Using data from (Feb ’26 EBA Risk Dashboard – Own Funds and Risk Weighted Assets)
The observed shift in system-level operational risk RWAs increases as CRR3 is implemented aligns with the SMA's structure. Under the SMA, operational risk capital depends mainly on bank scale via the Business Indicator (BI) with internal losses having no effect when ILM = 1.
This pattern also aligns with earlier Basel IV monitoring results and with the ORX Capital Benchmark studies. Our benchmark studies show that under QIS style submissions and regulatory discretion, such as setting the Internal Loss Multiplier (ILM) to 1, operational risk capital tends to increase relative to previous frameworks with a particular large increase for the largest banks (those with asset size greater than €750bn).

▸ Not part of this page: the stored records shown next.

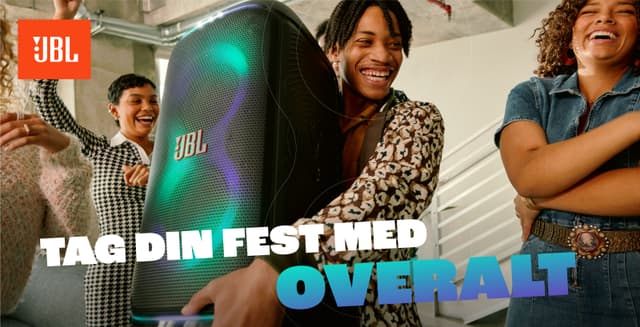 JBL Partybox Stage 320 - Tag din fest med overalt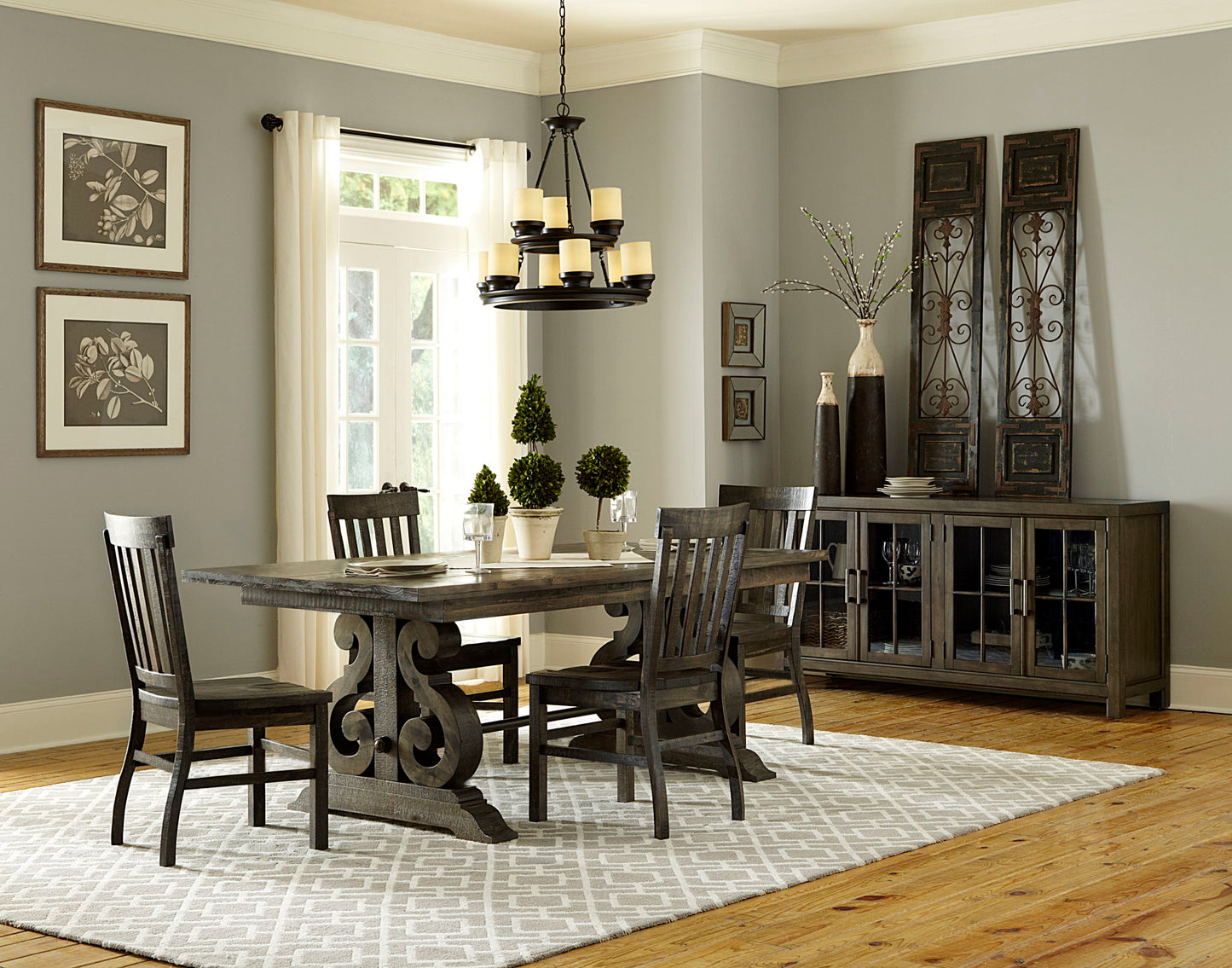 Bellamy - Buffet Curio - Peppercorn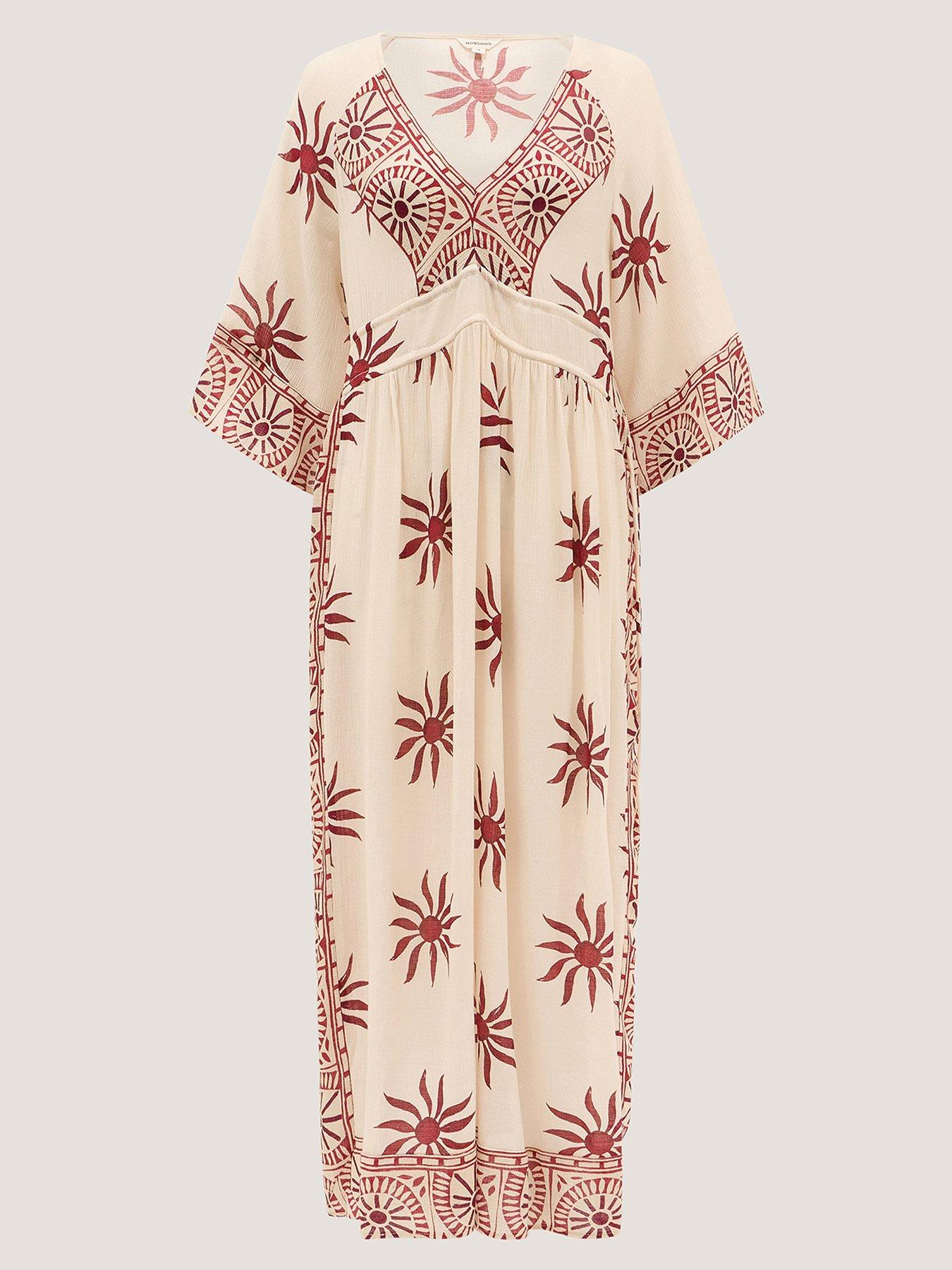 Image 3 of 5 of Monsoon Sunnie Midi Dress - Cream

Where the EBA Basel III Monitoring report expected an increase of approximately 28%, the ORX Capital Benchmark shows a similar increase of around 27% for European-based participating firms.
The realised EU/EEA increase in operational risk RWA closely matches the EBA’s expectations as shown in the table below.
Changes in T1 MRC assigned to operational risk only; in % of T1 MRC assigned to operational risk under CRR2/CRD5
| Bank group | AMA | Others | Total |
| All banks | 33.7 | 23.3 | 28.4 |
| Group 1 | 35.3 | 28.0 | 32.0 |
| G-Slls | 33.9 | 45.7 | 37.2 |
| Group 2 | 10.1 | 10.6 | 10.5 |
| Source: EBA QIS data (December 2023) | |||
% Change Operational Risk Capital in CRR3 compared to CRR2 (Oct ’24 EBA Basel III Monitoring Report)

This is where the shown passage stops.